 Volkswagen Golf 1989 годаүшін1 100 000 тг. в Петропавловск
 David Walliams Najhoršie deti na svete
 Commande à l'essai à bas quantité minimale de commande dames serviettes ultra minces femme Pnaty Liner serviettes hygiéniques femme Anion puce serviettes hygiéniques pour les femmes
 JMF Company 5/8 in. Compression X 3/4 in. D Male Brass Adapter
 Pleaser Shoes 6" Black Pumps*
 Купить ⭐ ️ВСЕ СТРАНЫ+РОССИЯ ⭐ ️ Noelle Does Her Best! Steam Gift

⁂

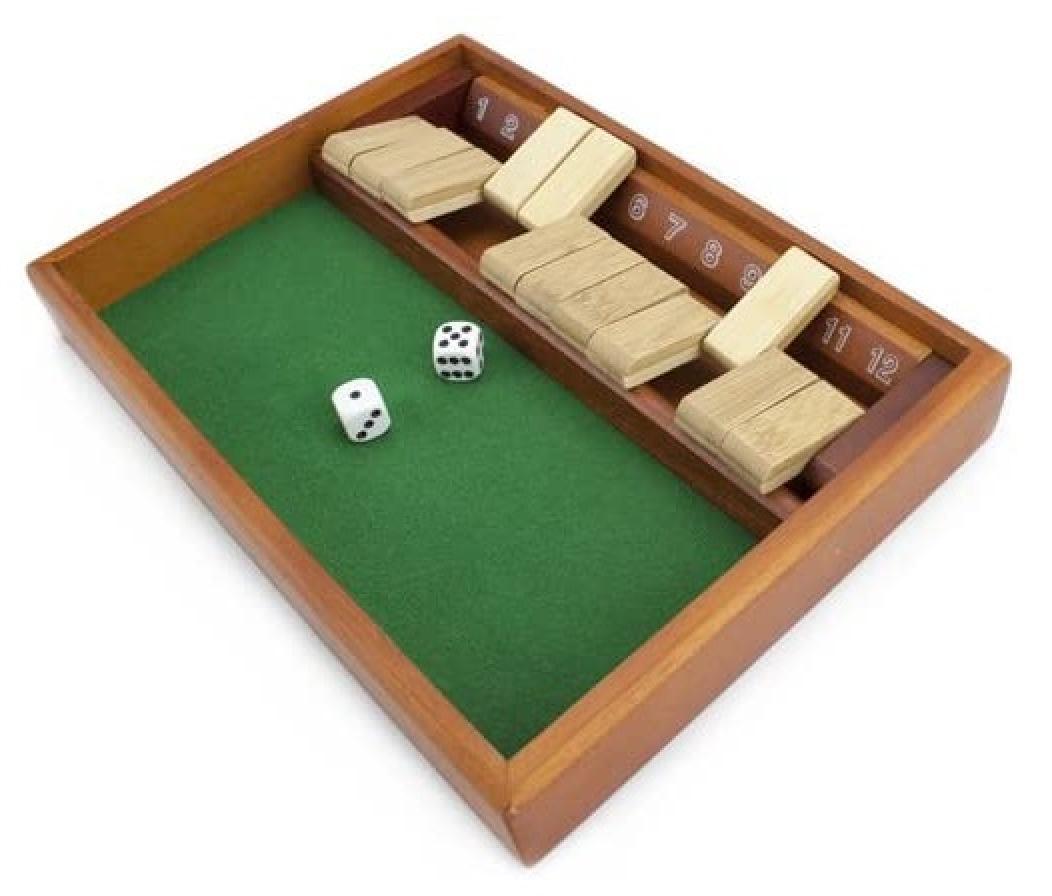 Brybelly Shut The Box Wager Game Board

⁂

Directions: Starting at the line above that holds "Volkswagen Golf 1989" and ending at the line that holds "Купить ⭐ ️ВСЕ", transcribe each line exactly and include no other lines.

Task solution:
 Volkswagen Golf 1989 годаүшін1 100 000 тг. в Петропавловск
 David Walliams Najhoršie deti na svete
 Commande à l'essai à bas quantité minimale de commande dames serviettes ultra minces femme Pnaty Liner serviettes hygiéniques femme Anion puce serviettes hygiéniques pour les femmes
 JMF Company 5/8 in. Compression X 3/4 in. D Male Brass Adapter
 Pleaser Shoes 6" Black Pumps*
 Купить ⭐ ️ВСЕ СТРАНЫ+РОССИЯ ⭐ ️ Noelle Does Her Best! Steam Gift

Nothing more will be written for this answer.